These statements are far from sufficient to meet Defendant's burden. Defendant does not explain what specific, material facts the requested discovery would likely uncover, nor does he explain what facts he hopes to discover. Defendant does not explain why Plaintiff's understanding of strike clearance in her deposition would provide any assistance to its effort to oppose her Motion for Summary Judgment. Further, Defendant does not explain why he requires a Certified Access Specialist, what the Specialist would investigate, why the Specialist requires Plaintiff's deposition or why the Specialist was not retained earlier. Quite simply, the declarations do not alert the Court to any potential of material facts that would preclude summary judgment, as Defendant has failed to describe how the “necessary” discovery would aid it in its opposition to Plaintiff's Motion for Summary Judgment. Defendant's Rule 56(d) motion is DENIED.

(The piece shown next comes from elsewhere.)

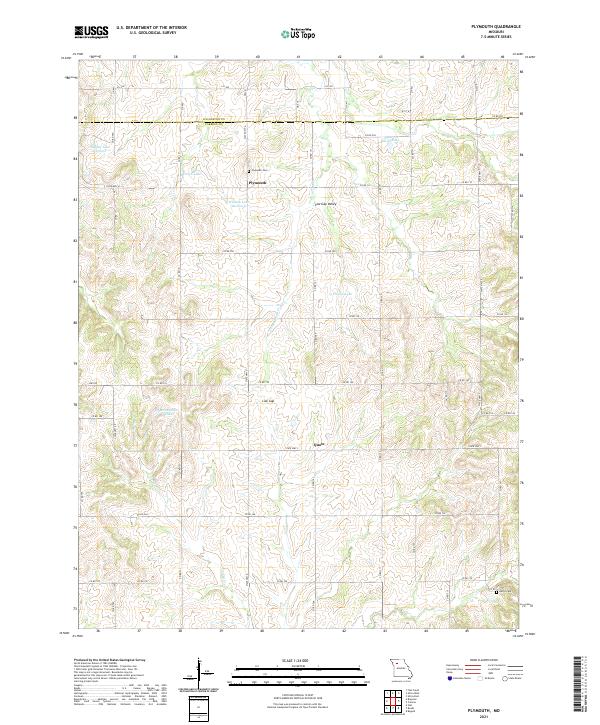 USGS US Topo 7.5-minute map for Plymouth MO 2021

To the extent that defense counsel's second declaration seeks additional time to respond to the issue of strike clearance when entering the women's restroom, it is DENIED as MOOT because, as discussed below, the Court DENIES AS MOOT summary judgment on that claim. Defendant is thus not entitled to a continuance pursuant to Rule 56(d).

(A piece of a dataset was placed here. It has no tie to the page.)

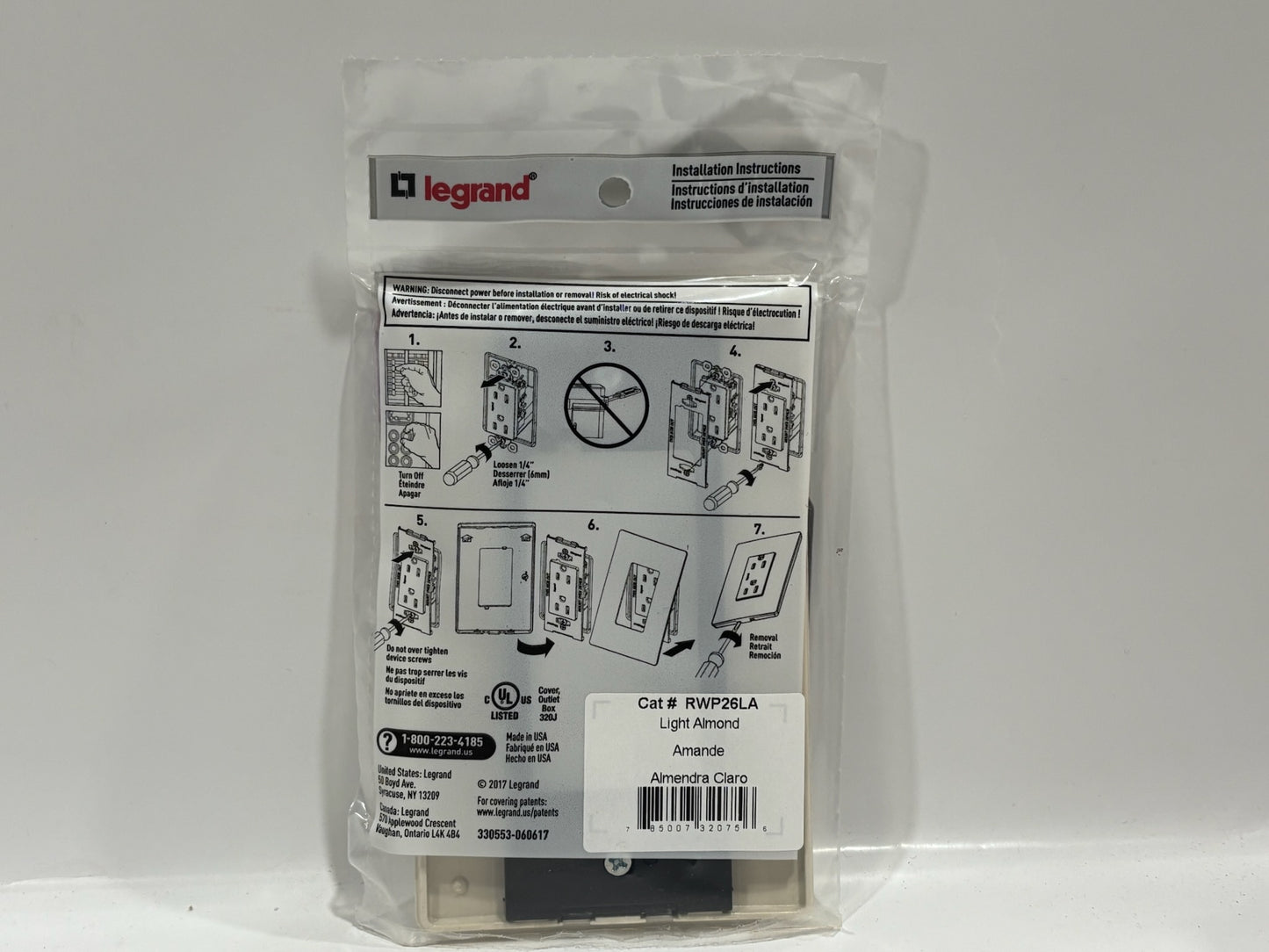 24 PK Legrand RPW26LA Radiant Screwless 1-Gang Wall Plate, Light Almond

B. Motion for Summary Judgment

1. Entry claim

Plaintiff first moves for summary judgment on her claim that there is insufficient strike side clearance adjacent to the door of the women's restroom, making it difficult for her to open the door when entering. Plaintiff makes clear in the SAC that the only barrier to restroom entry is the presence of highchairs stored next to the door. SAC, ¶ 18. There, Plaintiff explains that “[t]here is insufficient clear floor space adjacent to the door for the women's restroom at the restaurant because Denny's stores highchairs there.” Id. The SAC goes on to clarify that “[b]y storing highchairs next to the door leading to the women's restroom, Denny's prevented [Plaintiff] from opening it.” Id. It is now undisputed that Denny's does not store the highchairs in the same place, such that the one barrier Plaintiff encountered in entering the women's restroom is no longer present. See Docket 45–1, p. 62 (where, in her deposition, Plaintiff noted that in an August 2011 visit, there were no longer any highchairs). If an ADA “plaintiff has already received everything to which he would be entitled, i.e., the challenged conditions have been remedied, then these particular claims are moot absentany basis for concluding that this plaintiff will again be subjected to the same wrongful conduct by this defendant.” Parr v. L & L Drive–Inn Rest., 96 F.Supp.2d 1065, 1087 (D.Haw.2000) (quoting Independent Living Resources v. Oregon Arena Corp., 982 F.Supp. 698, 771 (D.Or.1997) (finding that if claims are moot, there is no need for the court to decide whether there was in fact any violation of the relevant statutes)). Because it is undisputed that Defendant has remedied Plaintiff's first stated barrier to entering the women's restroom, the Motion for Summary Judgment as to Plaintiff's first claim is DENIED AS MOOT.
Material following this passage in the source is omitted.